Sounds like an interesting application.
I guess the first question is what is the required timing accuracy to measure the speed of the skier to some level of accuracy.
For this purpose Ill ignore the errors introduced by the uncertainty of the actual sensor measurement. In real life you might have to consider that the posture of the target changes between measurements thus changing the measurement point on his/her person. Also you may need to filter out glitches caused by things like the ski pole blocking the sensor ahead of the main body. There are probably lots of things you can do to reduce these effect. E.g. by averaging out the sensor ‘entry and ‘exit times.
Ill make some assumptions
Max ski speed = 50km/h = 13.88m/s
Gate distance = 10m
The basic formulas are
Time = Distance / Speed,
Speed = Distance / Time,
Distance = Speed * Time
Time between gates then = 10 / 13.88 = 0.720
What time would give us a speed of 51km/h(14.16m/s)
Time = 10 / 14.16 = 0.706.
So to be accurate to less than 1km/h for a skier going ~50km/h your timing measurement must be accurate to less than 0.724 – 0.706 = 14milliseconds.
Based on that.
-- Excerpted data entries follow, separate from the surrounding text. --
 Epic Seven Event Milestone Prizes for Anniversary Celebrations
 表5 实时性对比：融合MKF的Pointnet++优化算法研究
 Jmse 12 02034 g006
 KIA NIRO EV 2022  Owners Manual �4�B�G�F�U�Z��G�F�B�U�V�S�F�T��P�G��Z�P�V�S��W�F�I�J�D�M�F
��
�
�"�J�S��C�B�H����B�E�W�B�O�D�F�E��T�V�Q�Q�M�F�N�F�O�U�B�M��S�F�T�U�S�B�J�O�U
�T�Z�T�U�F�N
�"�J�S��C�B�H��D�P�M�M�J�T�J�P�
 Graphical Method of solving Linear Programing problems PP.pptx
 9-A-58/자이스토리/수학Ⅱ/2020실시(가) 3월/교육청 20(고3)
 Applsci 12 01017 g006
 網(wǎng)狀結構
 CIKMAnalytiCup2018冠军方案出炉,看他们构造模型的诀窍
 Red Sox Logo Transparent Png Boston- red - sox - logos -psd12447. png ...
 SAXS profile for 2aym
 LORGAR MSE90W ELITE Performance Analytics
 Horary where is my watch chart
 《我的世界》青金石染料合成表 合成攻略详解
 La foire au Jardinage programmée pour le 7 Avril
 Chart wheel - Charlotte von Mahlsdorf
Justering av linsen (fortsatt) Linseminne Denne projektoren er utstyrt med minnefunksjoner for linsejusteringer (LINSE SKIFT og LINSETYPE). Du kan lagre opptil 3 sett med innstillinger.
If the interrupt handler works for IR as Cowboy says I would guess that it should be accurate enough for your application.
My first step would be to hook up an accurate signal generator (or use the 1PPS from a GPS module) and test the accuracy you can achieve.
The only other way I could think of is to use the SPI interface to clock in the raw digital inputs. You would probably have to put some simple external circuitry to switch from one sensor to the other, but you could achieve sub millisecond timing this way. I have seen someone do this on a dsPIC to sample a signal at over 1MHz.